Junto com o Brasil, que terá sete filmes no evento dirigido por Graciela Pozzobon, países como Rússia, Estados Unidos e Espanha terão mais títulos apresentados. Com troféu idealizado pela artista cega Virgínia Vendramini, os títulos serão premiados em cinco categorias pelo júri e, noutra instância, pelo público. Audiodescrição, legendas e interpretação em Libras (Língua Brasileira de Sinais) trarão suporte para os espectadores. Recursos como a legendagem para surdos e ensurdecidos (LSE, com informações que extrapolam os diálogos) ampliarão o alcance.

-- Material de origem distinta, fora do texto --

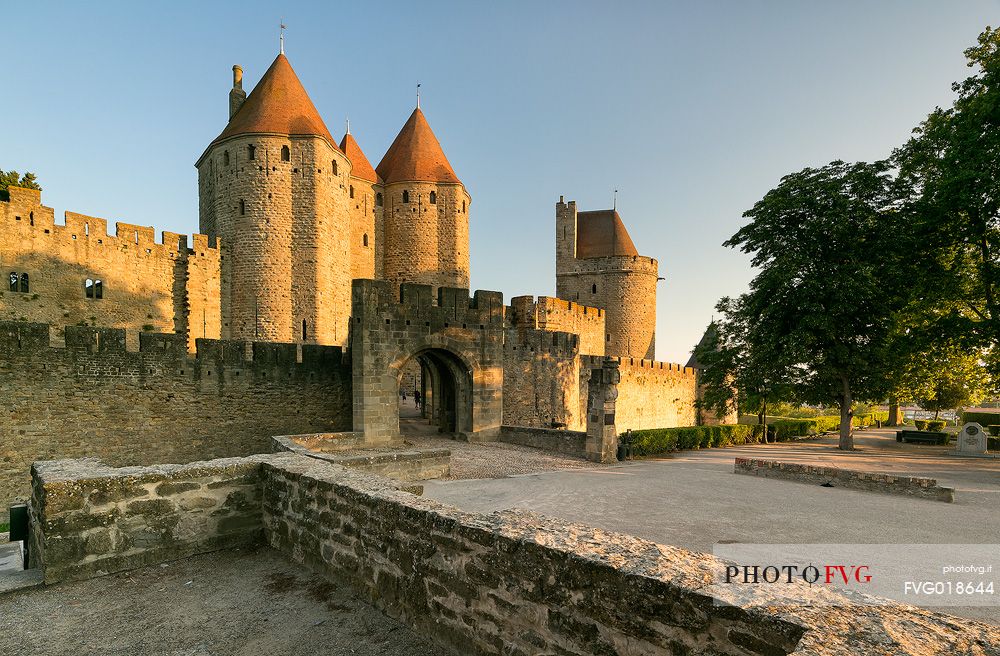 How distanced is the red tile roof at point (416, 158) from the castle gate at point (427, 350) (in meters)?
18.9

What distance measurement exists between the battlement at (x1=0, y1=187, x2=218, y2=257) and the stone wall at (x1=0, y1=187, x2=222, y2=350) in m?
0.03

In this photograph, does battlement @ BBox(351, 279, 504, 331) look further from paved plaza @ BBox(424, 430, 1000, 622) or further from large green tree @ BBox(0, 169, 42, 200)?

Tratando de tópicos inclusivos e de processo educacional dentro da rede pública, o diretor do longa Não me esqueci de você, Rene Lopez, assume protagonismo frente à responsabilidade social. "Temos uma legislação bem avançada quanto à inclusão. O que faltam são políticas públicas para cumpri-la em sua totalidade. Ações pontuais de professores, diretores e coordenador, na prática, tornam as escolas mais inclusivas", pelo que observa Rene. Na perspectiva do realizador do longa, falta seriedade em espaços que antecedem à escola, como nas secretarias, diretorias de ensino e, principalmente, no Ministério da Educação.
"O sistema educacional precisa ser um espaço de amparo para as crianças e suas famílias e não palco de disputas judiciais para que seja cumprido o mínimo do que é previsto nos documentos normativos", comenta Rene, algo otimista, mas em cenário que contemple ações comprometidas com maior empenho e profissionalismo na gestão da inclusão no espaço escolar.
Na programação do Assim vivemos, os Estados Unidos trazem uma produção animadora: Sempre positivo, apoiado na figura de liderança de Philip Craven, ex-presidente do Comitê Paraolímpico. Integrantes da seleção de atletas cegos da Costa Rica, tratam da vivência com o futebol, em Os quatro sentidos (de Gabriel Zumbado). No curta-metragem B-1, o jogador profissional de futebol Sergey também expõe a vida pessoal e de engajamento.
Assim vivemos — Festival internacional de filmes sobre deficiência
CCBB (SCES, Tr. 2). Até 14 de novembro, com sessões presenciais (até 7/11) e sessões on-line e debates (até 14/11). Entrada gratuita. Informações: 3108-7600.